El matón pelirrojo quedó desconcertado, el pánico creciendo dentro de él.

Había enterrado esos detalles cuando se convirtió en criminal, así que nadie debería saber sobre su vida.

Ahora, el miedo lo agarró, acompañado por una profunda sensación de pavor ante la voz desconocida.

—¿Qué eres?

La voz cayó en silencio, profundizando su miedo.

Pensó en bajar para encontrar a sus amigos matones, pero la posibilidad de que los ocupantes del piso superior estuvieran esperando en la puerta lo detuvo.
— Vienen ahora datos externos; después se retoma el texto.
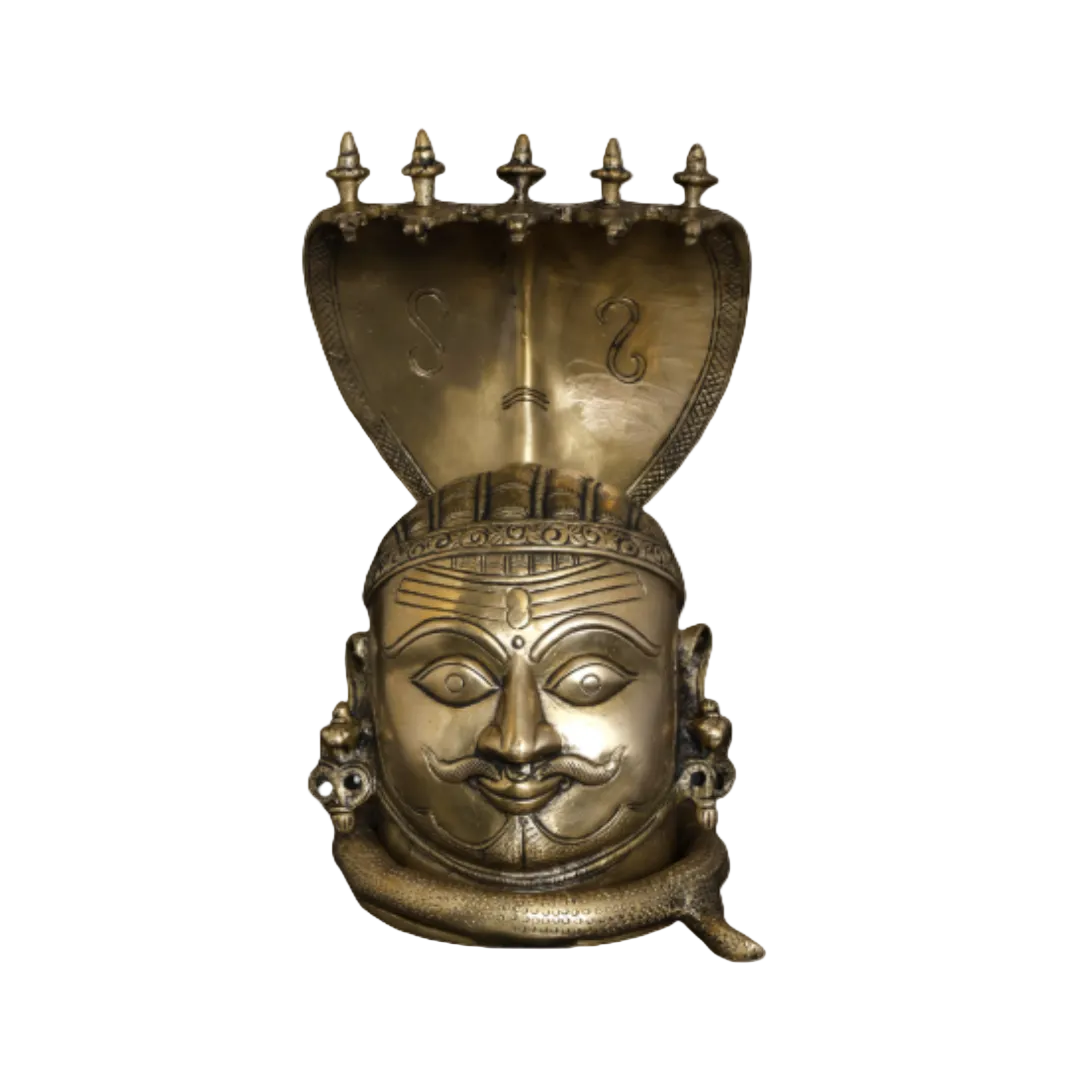 Handcrafted Brass Shiva Mukhlingam 9.5 Inch side view – antique finish detail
Sin escuchar explosiones, comenzó a sospechar que la granada había fallado.

Por otro lado, Elena se burló después de hablar con el matón pelirrojo, un tipo aparentemente duro que claramente era un cobarde por dentro.
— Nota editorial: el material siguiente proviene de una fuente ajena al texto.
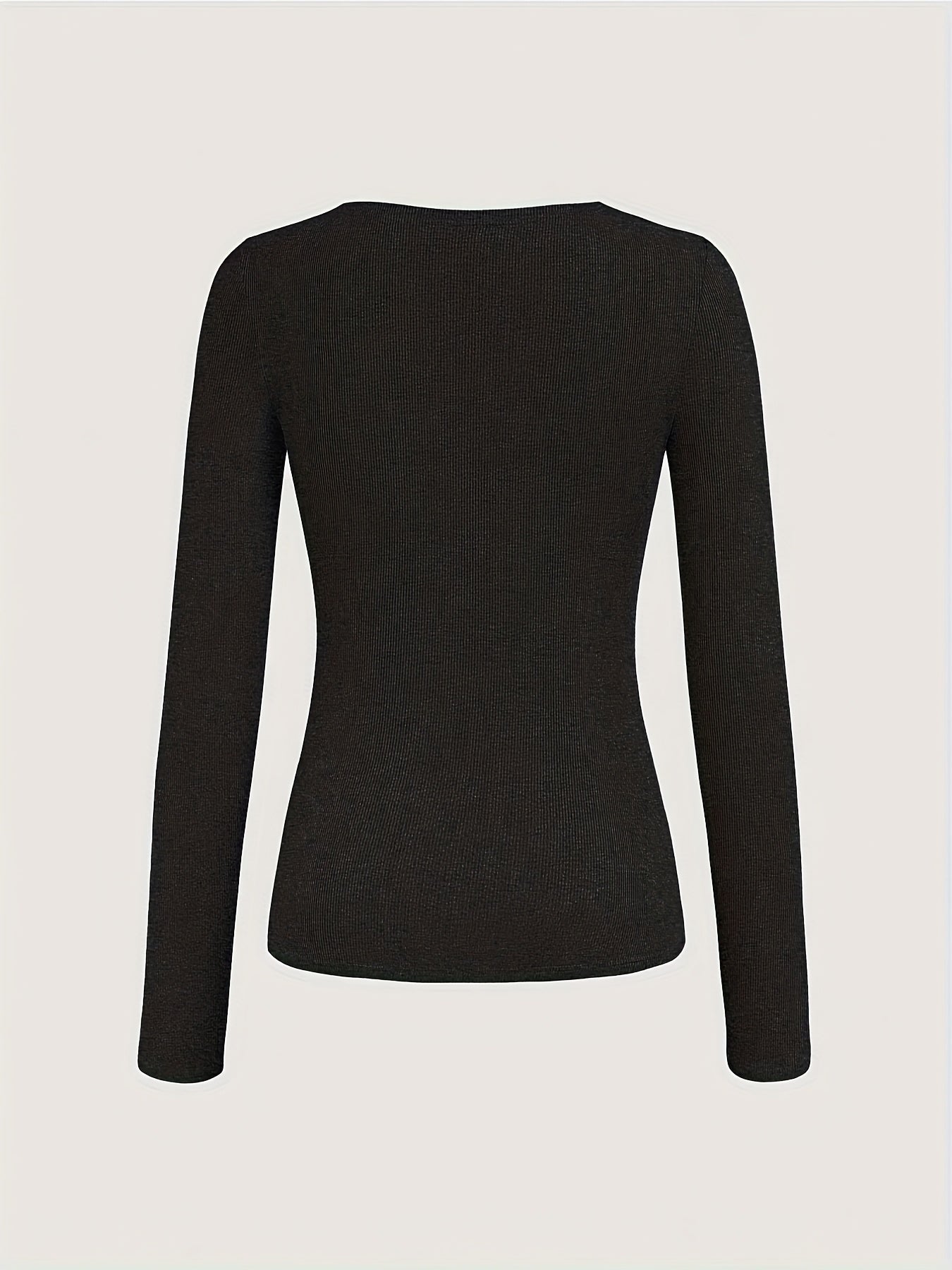 CHYN – Langarmshirt mit Knopfleiste & Karodetail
Su simple intimidación lo tenía temblando de miedo, casi al borde de orinarse en los pantalones.

Ethan observó cómo la expresión de su esposa cambiaba cada pocos segundos—feliz, burlona, mofándose.

La curiosidad despertó, y preguntó:
—Esposa, ¿qué pasó?

—Esposo, ya lo marqué, y fue un éxito.

Acabo de comunicarme telepáticamente con él hace un momento para intimidarlo —le informó Elena, y luego añadió.

—Te dije hace un rato que la Tableta Dorada puede acceder a las memorias de un individuo marcado, ¿verdad?

Acabo de sumergirme en las memorias del matón pelirrojo y descubrí información perturbadora.

Bueno, esta habilidad es útil, pero drena mucha energía de la Pestaña de Energía de Reserva—alrededor del 9% por un solo uso —explicó Elena, revelando lo que había descubierto.

—Entonces tu esposo encontrará más jades y antigüedades —sonrió Ethan, prometiendo trabajar más duro.

Continuó:
— Entonces, son parte del sindicato, junto con el gerente.

—Hmmm.

Sí, lo son —respondió Elena.

—¿Cuál es tu próximo movimiento?

—Es hora de ponerlo en el Paraíso.

Entraré ahora y terminaré el trabajo —declaró Elena, lista para erradicar al matón.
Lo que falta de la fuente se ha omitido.